In this study, we found that aspiration of follicles resulted in a lower oocyte recovery rate and higher prevalence of oocytes having partial cumulus than did follicle scraping which, in general, allow to recover oocytes with better quality. Similar results have been reported previously [1, 2], but this is the first report in which the two techniques were combined. Typically during scraping, follicles are opened and are no more suitable for aspiration. In this study, using Tuohy needle, scraping was performed on the same follicles while being aspirated.

In our study, the recovery rates obtained using the combination of aspiration and scraping by means of the Tuohy needle still remained significantly lower than that attained in peeled ovaries by scraping but maturation rates were not statistically different in these two groups. It is noteworthy that our technique improved the recovery rate of intact cumulus oocytes and maturation rate compared to aspiration by the conventional 16-g needle.

Moreover, the maturation rates of expanded cumulus oocytes collected by Tuohy needle in unpeeled ovaries and by scraping in peeled ovaries are similar.
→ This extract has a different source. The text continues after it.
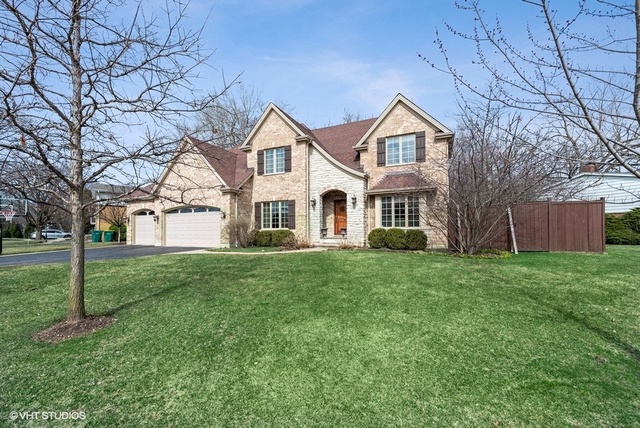 Undisclosed Address Deerfield, IL 60015 - Photo 1 of 34 a view of a yard in front of a house with large tree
In conclusion, the collection technique used in this experiment assembling aspiration and scraping allow to recover intact-cumulus oocytes without altering the maturation rate, so this finding is very important because both peeling and scraping are time consuming and limiting factors for in vitro oocytes maturation in the horse.

Acknowledgments

The help of Paolo Monica, DVM, National Meat Inspection service and that of all the staff at the TIT-BIT slaughterhouse, Reggio Emilia, Italy, in collecting the mare ovaries are gratefully acknowledged.